The only influence a user has over a platform is the option to leave, which en masse might impact the company’s bottom line. However, if we assume users on social media generally want to be social, then they’ll want to migrate to another social platform when they leave, and all the major social media companies have similarly tight control over their platforms with remarkably similar acceptable content and moderation policies.
When we describe platforms as cultural censors, we mean that they decide what content they will permit on their platform and what is a banable offense. Across social sites like Tumblr and Facebook and infrastructure sites like Paypal and Patreon, we’ve repeatedly seen companies take a puritanical stance against LGBT+, sex-positive, and sex-work content. Violet Blue (fantastic!) has written lots about this. Simultaneously, platforms are extremely hesitant to censor white supremacist or neo-nazi content, because they do not want to be accused of political censorship or bias by Congress or the White House, and the aforementioned content is increasing adjacent to Republican political talking points.
So, corporate-run social media implies a structure the users have no say in, with content limits the users have no say in, which favor harmful and icky views while inhibiting freedom of expression. There’s no way out by hopping to another corporate-run social media platform, because the next platform has the same problems and policies. “I’ll just build my own platform” leads to the same pattern with a different set of oligarchs, as we’ve seen (and I’ve written about before) with a range of “alt-tech” platforms like Voat, Parler, Gab, and BitChute that were created to host right-wing extremist content banned from their mainstream counterparts.
To address this problem we need a radical new kind of social media, with no central governors.

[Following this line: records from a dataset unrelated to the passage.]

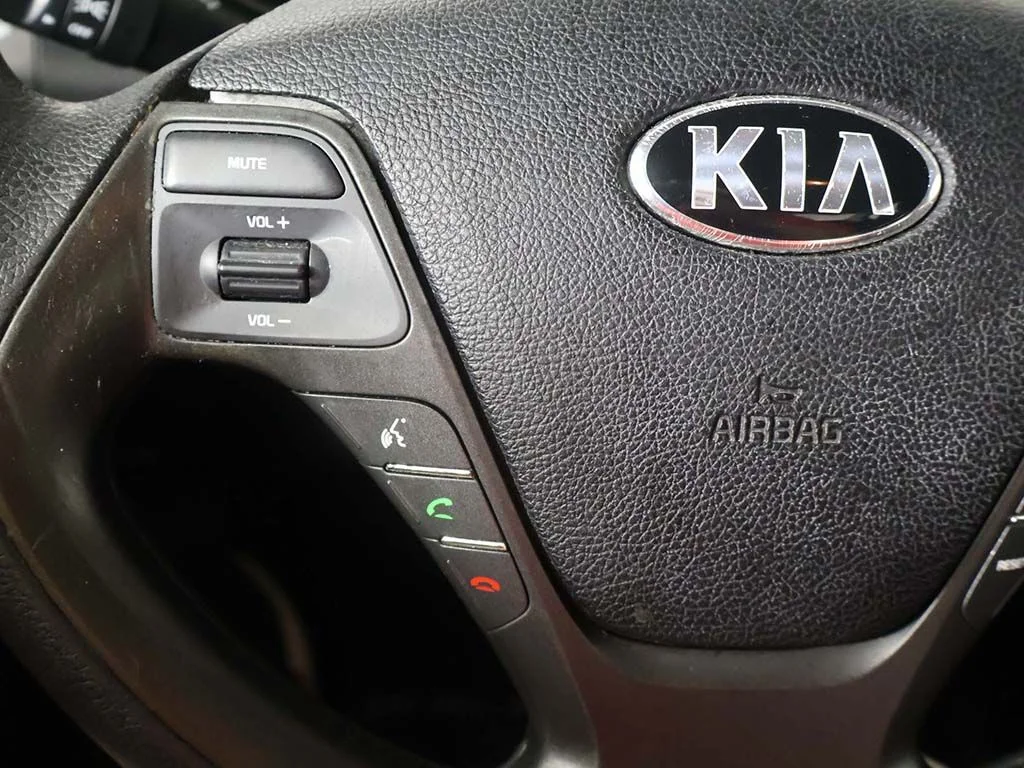 Used 2016 White Kia LX image 30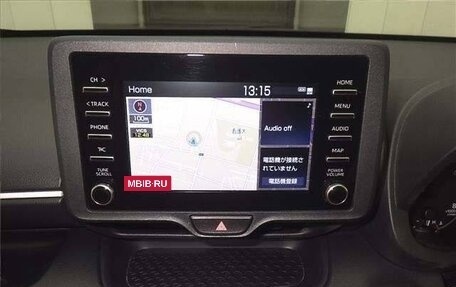 Toyota Yaris, 2022 год, 765 000 рублей, 16 фотография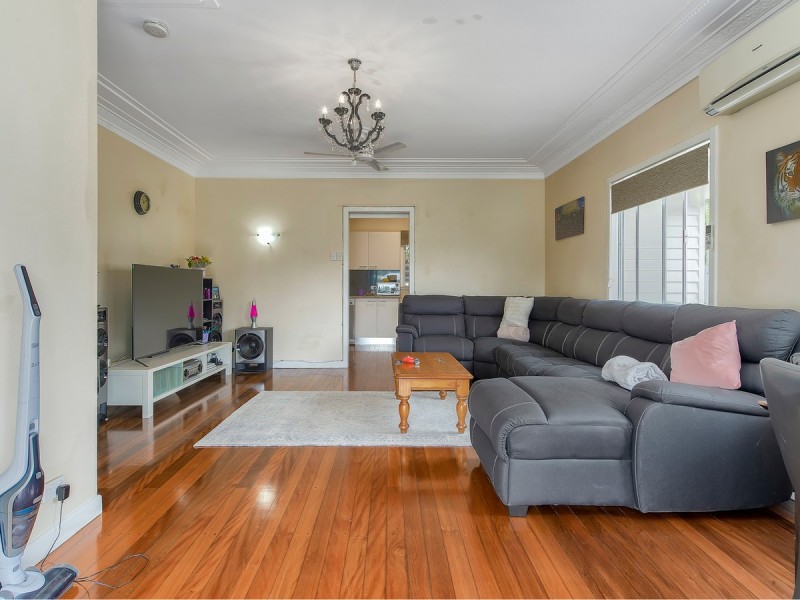 17 Harold Street, Stafford QLD 4053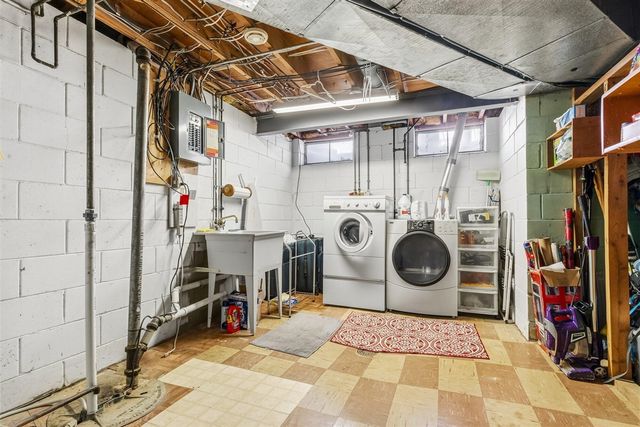 433 Jennison Avenue, Kalamazoo, MI 49006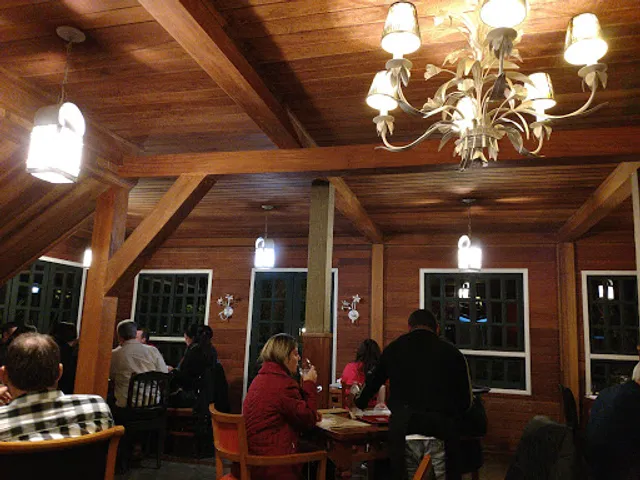 Restaurante Nó de Pinho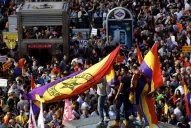 Miles de españoles protestan contra la monarquía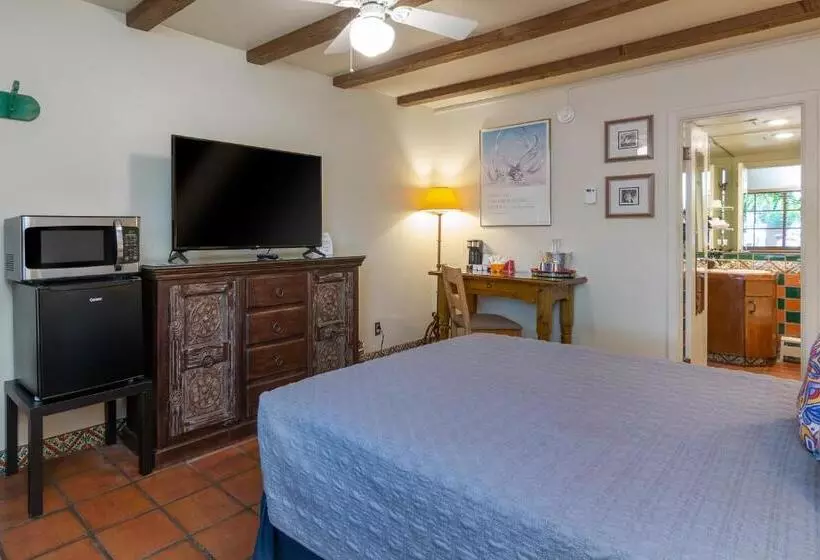 اتاق استاندارد با تخت دو نفره بزرگ, Santa Fe Motel & Inn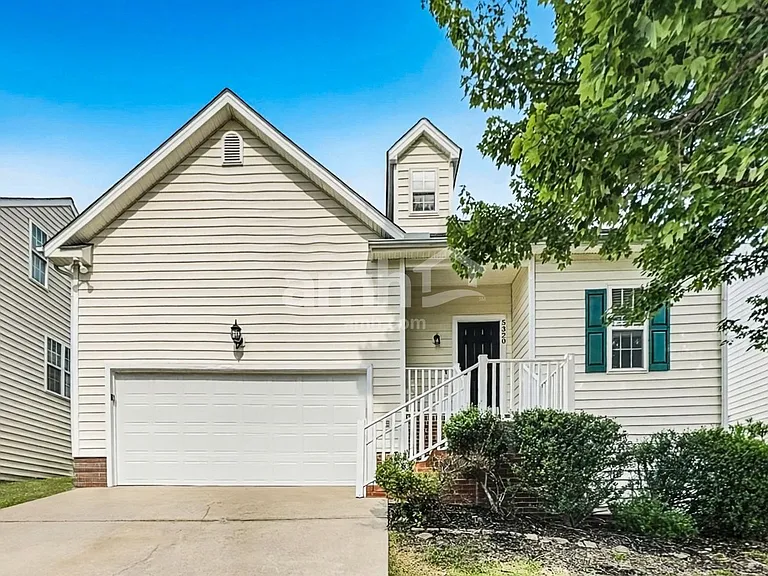 5320 Sahalee Way — Photo 1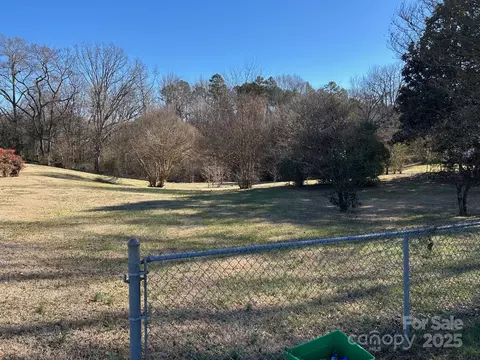 520 Central Nw Dr NW, Concord, NC 28027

This new media should not be susceptible to a small oligarchy enforcing social views, but ideally should have some conception of moderation, so community spaces can remove harassers, abusers, spammers, and hateful content.
The clear solution is a decentralized network, where content isn’t hosted on a single server hosted by a single entity. There can be collective storage of social media data, with collective agreement on what content to support and how.
Okay, great! So what does “decentralized” look like? A distributed hash table? A blockchain? A bunch of mirrored servers? Let’s look before we leap and consider common decentralized network models and their implications when used in social media of any sort.
I recently described distributed hash tables in more depth, but the one line summary is that in a DHT users are connected directly to multiple peers, and data in the form of key-value pairs (like a Python dictionary) are distributed across all peers with some redundancy, so anyone can quickly look up information associated with a known key. Participants use a centralized introduction server (called a “tracker” for torrents) to find their initial peers, but this introduction point has little information and can be easily replaced or made redundant.
DHTs have two significant limitations. The first is that all content must be framed as a key-value pair, and it’s not always obvious how to design systems around this constraint. Nevertheless, a variety of projects use DHTs at their core, including Hyperswarm, the underlying peer-discovery system used by Hypercore (previously known as “DAT protocol”), which in turn is the peer-to-peer content sharing system powering chat applications like Cabal. DHTs are also at the heart of GNUnet (another generic p2p content sharing system used for file-sharing and chat), and a similar key-value routing technology is used in Freenet, which is aimed at distributed file hosting, microblogging, version-control systems, and other append-only shared data. Finally, DHTs are used for routing in the Invisible Internet Project, and for connecting to onion services in Tor, so it’s safe to say that DHTs are a common design pattern in decentralized spaces.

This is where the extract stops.